For CTOs, VPs of Engineering and founders running scaling SaaS or Fintech platforms — the team that brings nine-year-old Django monoliths back to life without a maintenance window, a death-march rewrite, or burning out the engineers who actually understand the code.
Sound familiar?
- Average response time has crept from 200ms to 1.4s over two years and nobody knows exactly when
- The Django upgrade is blocked by three unmaintained third-party packages that nobody dares replace
- Multi-tenant database is one bad query away from a noisy-neighbour incident
- "Fat models" file is 2,400 lines, the view file is 3,800, and the test suite skips half of them
- OWASP scan flagged eleven mediums and your security team needs a path to "all green" by quarter-end
- Senior engineer who built the original system is leaving in 90 days
The rescue & stabilisation framework.
Big-bang rewrites are how engineering teams end careers, not how they ship value.

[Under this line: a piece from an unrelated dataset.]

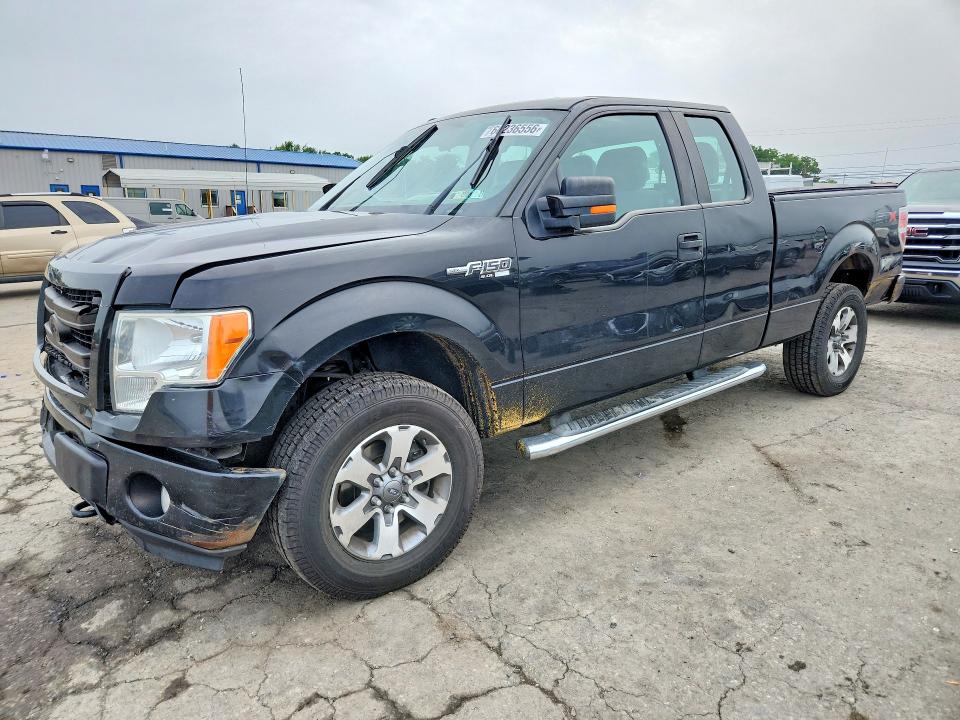 Auction sale of the 2013 Ford F150, vin: 1FTFX1EF9DFA71144, lot number: 60236556
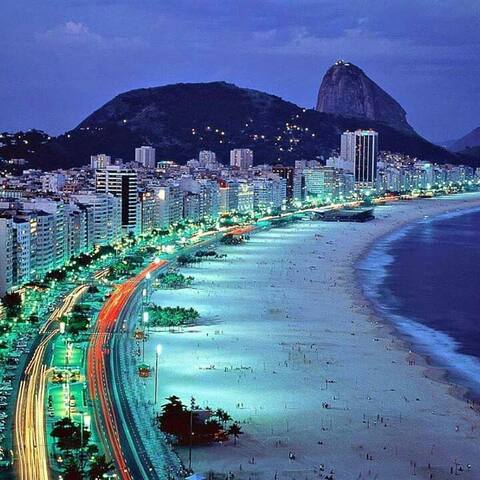 02 QUARTO/30m PRAIA/ 12°Andar/VISTA CRISTO “LINDO” gallery image 5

Every codebase we've ever rescued has been modernised through small, reversible, telemetry-gated steps — Strangler Fig at the routing layer, Branch by Abstraction at the module layer. The legacy code keeps running until it has zero traffic. Then it gets deleted.
Stop the bleeding
First two weeks. Find and triage the bugs and queries that are paging your team on weekends. Quick fixes only; no architectural changes yet.
Map the seams
Static analysis, runtime tracing and dependency-graph extraction to identify the natural boundaries inside the monolith. The map is the contract — we modernise along seams, not against them.
Capture ground truth
Production traffic for the affected routes is captured (request, headers, response, timing) for replay. This is the regression harness — not the existing test suite, which is often the source of the original bug.
Strangler Fig routing
A proxy layer (nginx/Envoy or a Django middleware shim) routes a percentage of traffic to the modernised module. Replay-validated. Feature-flagged. Rolled back if metrics drift.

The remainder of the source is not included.